Law enforcement consultant and combat specialist Paul Daniel Nahous says Commissioner of Police Gary Griffith is on the right track with the use of force policy.
He said while some may not agree with his ‘one shot, one kill’ statement, it is sound as an overall policy direction for the T&T Police Service (TTPS).
Nahous said there was some confusion over the statement because members of the public sought to apply their own meaning to rather than look analytically at what Commissioner Griffith meant.
“His statements reflected not only sound use of force practice but also a high standard of officer response to a deadly threat. An officer has first and foremost the right of any citizen to protect themselves from a direct attempt on their life,” he explained.
“Furthermore, an officer has an extended duty of care to the public to not only neutralise an immediate lethal threat to the public but to do so in a manner that is most likely to result in the threat being stopped in the quickest and safest to innocent bystanders.
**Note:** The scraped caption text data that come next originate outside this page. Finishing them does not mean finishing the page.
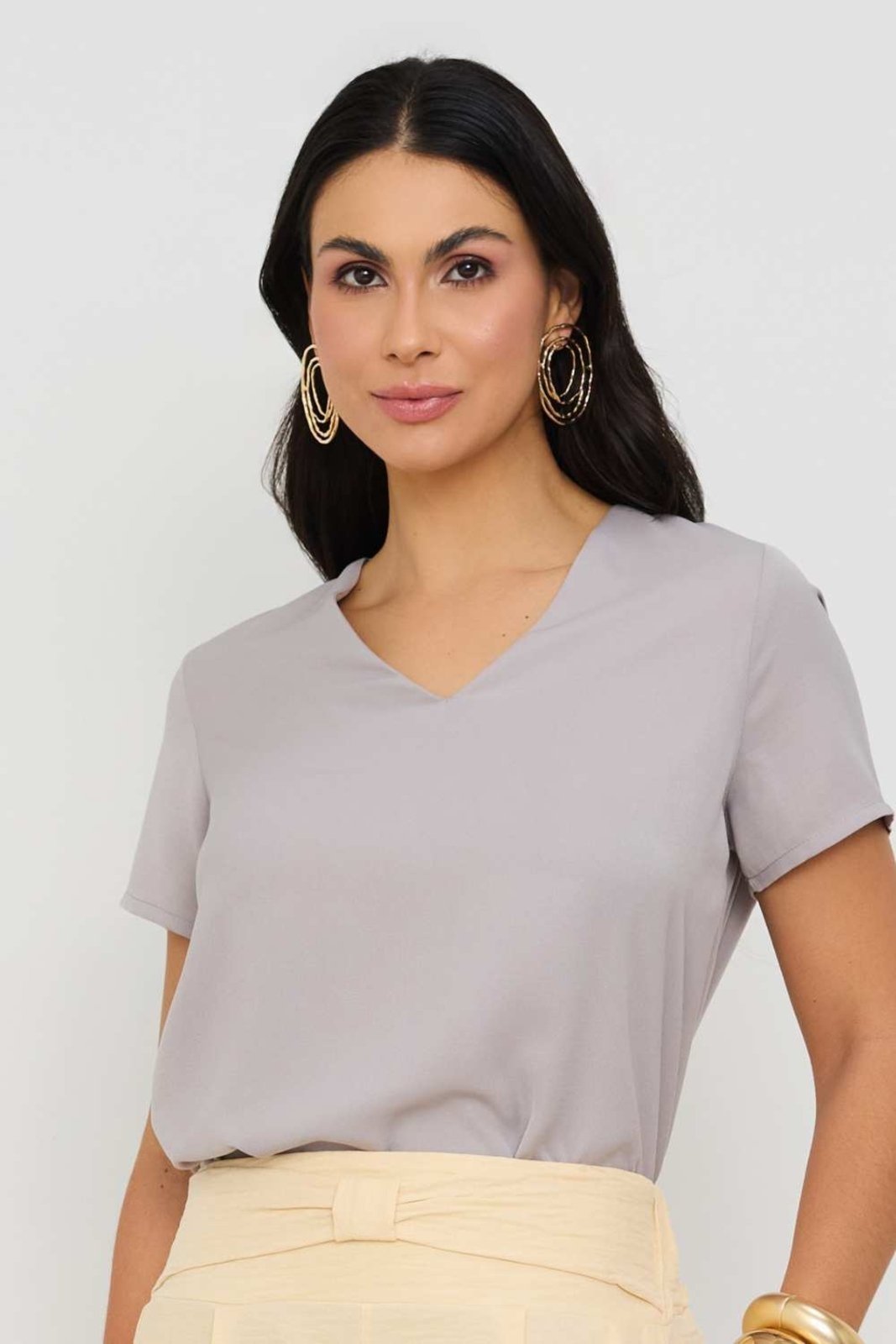 Blusa Vanibele Crepe Cinza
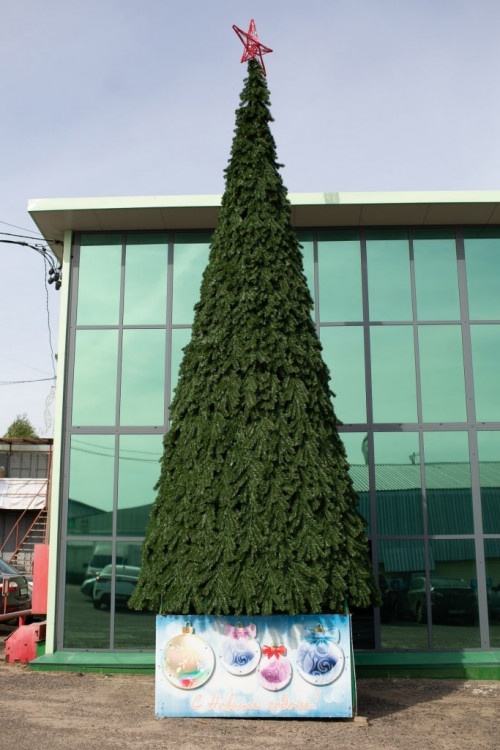 Уличная елка Русская зеленая 9 м., каркасная, ПВХ, Green Trees (GT9RUSPVC)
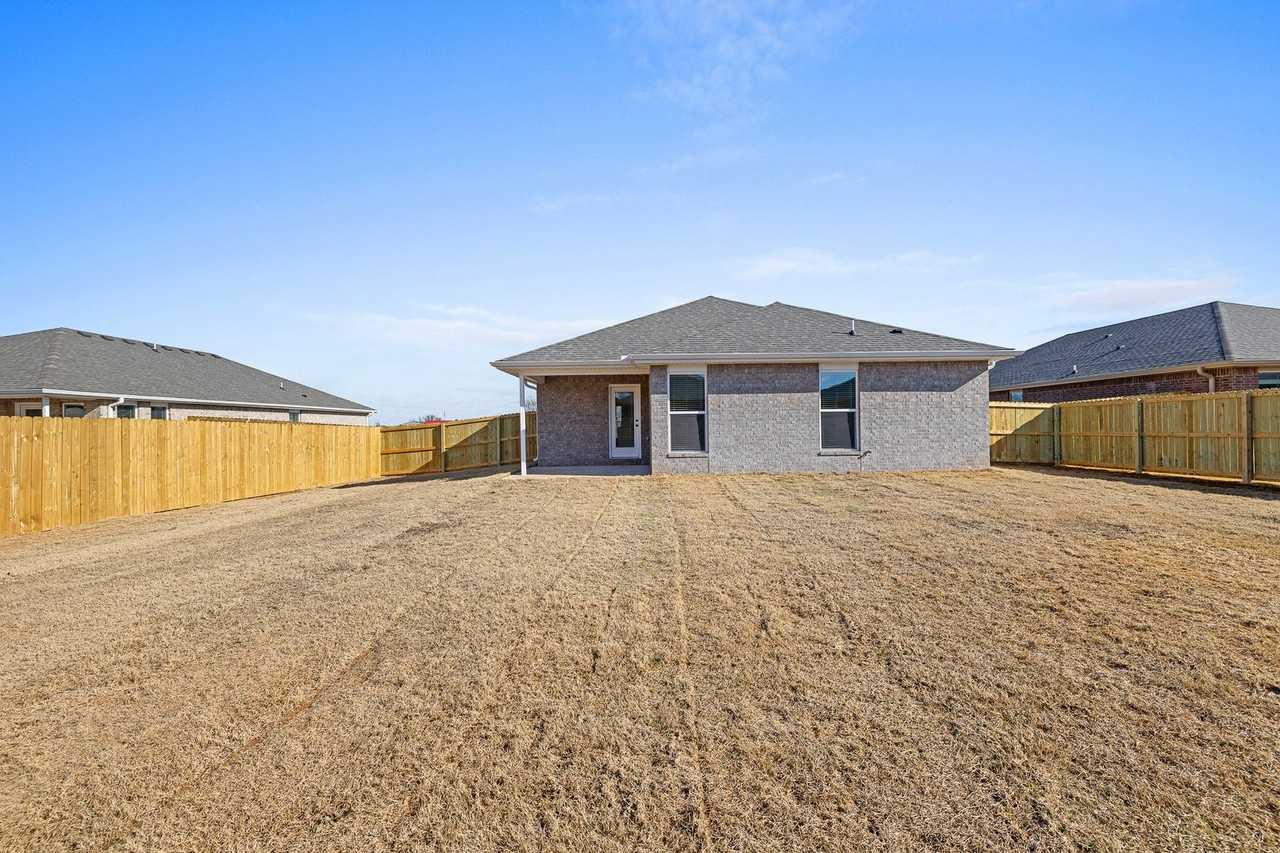 125 Sw Vicki St - Photo 5 of 40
This would boil down in its simplest way to shooting an armed assailant before he can kill an officer, civilian, or escape to be a lethal threat to anyone else they may immediately encounter.”
Nahous, a US certified SWAT sniper, sniper trainer and operator, said the quickest way to neutralise an assailant is to shoot to the body and/or head depending on the skill and training of the officer. Shooting a limb not only significantly increases the chance of missing and endangering the public with stray bullets, but is much less likely to stop the assailant.
He said the longer any fight goes on, especially a gunfight, the higher the odds of the officer and innocent bystanders being injured or killed.
He said the response of police officers to any threat needs to be taken against the background of the use of force.
Citing the International Association of Chiefs of Police description of the use of force as the “amount of effort required by to police to compel compliance by an unwilling subject”, Nahous explained that the concept varies slightly in its intricacies from agency to agency but generally follows the same broad continuum.
He said the US National Institute of Justice mandates that officers use lethal weapons to gain control of a situation only if a suspect poses a serious threat to the officer or another individual.
He added that international case rulings, while outside of T&T’s law, provide a better idea of the appropriate instances to use lethal force. This is especially true as some countries set the standard of international best practice.
Nahous said in the 1985 case of Tennessee v. Garner, the US Supreme Court said “deadly force may not be used unless necessary to prevent the escape and the officer has probable cause to believe that the suspect poses a significant threat of death or serious bodily harm to the officer or others.”
This was expanded in 1989 with the ruling in Graham v. Connor which stated that “objective reasonableness” in a situation “must be judged from the perspective of a reasonable officer at the scene—and its calculus must embody the fact that police officers are often forced to make split-second decisions about the amount of force necessary in a particular situation.”